Aesthetically, at least, the game is a triumph, partly because of its subject matter, and especially because of its devotion to it. Each of Marcel’s three films—religious parable Ambrosio, ’70s hippie crime flick Minsky, and ’90s identity thriller Two Of Everything—match the look of the eras they’re meant to be evoking, whether that means using projected effects shots for Ambrosio, or filling the backgrounds of scenes with authentic New York artist weirdos for Minsky. None of it reads false, whether you’re watching an old talk show clip, a behind-the-scenes interview, or just candid moments of rehearsal footage. The attention to detail is relentless and impressive.
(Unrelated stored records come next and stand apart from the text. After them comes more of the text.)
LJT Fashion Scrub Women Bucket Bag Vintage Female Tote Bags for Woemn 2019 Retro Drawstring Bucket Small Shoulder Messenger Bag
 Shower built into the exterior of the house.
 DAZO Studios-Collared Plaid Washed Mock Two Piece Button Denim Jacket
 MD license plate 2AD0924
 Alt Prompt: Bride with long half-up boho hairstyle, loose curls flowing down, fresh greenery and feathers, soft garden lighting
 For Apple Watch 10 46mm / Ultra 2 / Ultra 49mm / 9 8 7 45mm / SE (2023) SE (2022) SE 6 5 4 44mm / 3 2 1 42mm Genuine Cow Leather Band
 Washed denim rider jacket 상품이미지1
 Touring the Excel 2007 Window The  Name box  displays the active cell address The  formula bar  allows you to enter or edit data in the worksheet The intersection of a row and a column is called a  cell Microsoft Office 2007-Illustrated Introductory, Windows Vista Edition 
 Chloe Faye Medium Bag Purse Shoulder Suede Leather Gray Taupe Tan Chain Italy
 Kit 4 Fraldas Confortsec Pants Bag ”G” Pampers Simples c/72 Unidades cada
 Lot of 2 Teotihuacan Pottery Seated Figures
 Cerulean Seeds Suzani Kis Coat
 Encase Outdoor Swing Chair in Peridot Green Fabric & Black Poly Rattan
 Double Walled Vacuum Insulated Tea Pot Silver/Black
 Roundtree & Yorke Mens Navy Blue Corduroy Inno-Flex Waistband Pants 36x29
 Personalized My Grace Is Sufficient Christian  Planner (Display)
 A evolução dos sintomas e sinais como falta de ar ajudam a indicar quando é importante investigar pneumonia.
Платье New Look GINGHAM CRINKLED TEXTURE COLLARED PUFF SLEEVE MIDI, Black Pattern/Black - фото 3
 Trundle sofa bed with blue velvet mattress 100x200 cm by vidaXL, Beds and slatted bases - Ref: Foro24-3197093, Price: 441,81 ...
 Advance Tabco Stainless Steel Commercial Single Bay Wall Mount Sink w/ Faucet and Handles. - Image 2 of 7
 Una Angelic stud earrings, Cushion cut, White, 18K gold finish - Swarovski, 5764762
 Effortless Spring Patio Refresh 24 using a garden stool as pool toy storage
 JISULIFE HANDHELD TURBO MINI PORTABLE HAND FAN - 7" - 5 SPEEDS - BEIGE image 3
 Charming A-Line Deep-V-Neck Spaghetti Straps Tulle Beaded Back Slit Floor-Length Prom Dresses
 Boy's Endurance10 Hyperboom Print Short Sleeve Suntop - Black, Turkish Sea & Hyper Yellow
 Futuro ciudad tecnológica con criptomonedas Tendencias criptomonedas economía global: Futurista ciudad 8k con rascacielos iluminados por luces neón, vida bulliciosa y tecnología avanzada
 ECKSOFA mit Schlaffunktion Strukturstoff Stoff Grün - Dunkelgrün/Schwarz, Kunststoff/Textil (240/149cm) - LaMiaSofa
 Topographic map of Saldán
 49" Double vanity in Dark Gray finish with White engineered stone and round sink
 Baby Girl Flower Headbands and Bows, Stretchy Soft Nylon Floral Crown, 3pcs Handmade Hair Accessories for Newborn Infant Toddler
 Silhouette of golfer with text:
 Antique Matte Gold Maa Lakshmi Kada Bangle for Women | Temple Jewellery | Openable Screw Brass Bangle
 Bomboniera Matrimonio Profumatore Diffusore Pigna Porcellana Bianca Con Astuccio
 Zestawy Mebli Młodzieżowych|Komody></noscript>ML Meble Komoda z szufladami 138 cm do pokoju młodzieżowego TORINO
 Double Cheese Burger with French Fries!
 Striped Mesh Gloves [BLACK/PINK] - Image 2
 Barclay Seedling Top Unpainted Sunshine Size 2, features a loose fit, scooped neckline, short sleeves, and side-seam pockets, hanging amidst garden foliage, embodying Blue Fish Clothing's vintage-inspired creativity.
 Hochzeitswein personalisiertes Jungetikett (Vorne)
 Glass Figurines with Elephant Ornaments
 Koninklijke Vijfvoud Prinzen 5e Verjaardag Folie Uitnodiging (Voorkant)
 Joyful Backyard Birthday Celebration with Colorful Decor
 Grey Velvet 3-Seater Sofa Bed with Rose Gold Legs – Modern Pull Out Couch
It doesn’t hurt that all three of the movies are actually pretty damn good. As Marcel, Gage is a consistently engaging screen presence—she has to be, for the central conceit of the game to work—and the stories being told all reflect on each other in fascinating ways. Running through each of them are thoughts on the mutability of identity, the falseness of images, the illusion of virtue. Taken together (and in discordant sequence, as the player slowly assembles fuller pictures of each of them in their mind), they create a sort of funhouse mirror of themes and ideas—but maybe the same could be said of any creator’s filmography, real or fictional.
And lurking beneath it all, a sense of dread. Barlow’s games have always had an anxious intimacy to them—both Her Story and Telling Lies contain moments that pull a gasp from the player by suddenly underlining that they’re playing as a character within the story, glimpses of another person lurking just beyond the boundaries of the screen. Immortality doesn’t do that. There’s no avatar here, no separation. It’s you that you’re playing as, watching these clips. You, scrubbing backwards and forwards through footage, trying to understand what happened to these people. You, growing steadily more uneasy as the feeling builds that, even as you peer into the cinematic abyss, something else is peering back into you.
The tricky thing about talking about creators who make games that are unlike anything else on the market is that it becomes very hard to compare them to anything but their own work. By that metric, Immortality is Barlow and Half Mermaid’s most ambitious, if not their best, game to date. (It’s very hard, even now, to top the precise focus of Her Story, riveting with its unmoving camera—although we will say that watching three competently made movies is significantly more engaging than the vlogs and video calls that made up the bulk of Telling Lies.) The horror element is its secret weapon, though. Even when Immortality falters as a mystery—and we’ll be honest and note that, even after hitting credits, we’re still unclean on some of what Barlow and his collaborators are driving at here—that feeling of discomfort persists. Immortality gets under your skin; flickers subliminally in your head. It becomes a part of you, whether you want it to, or not.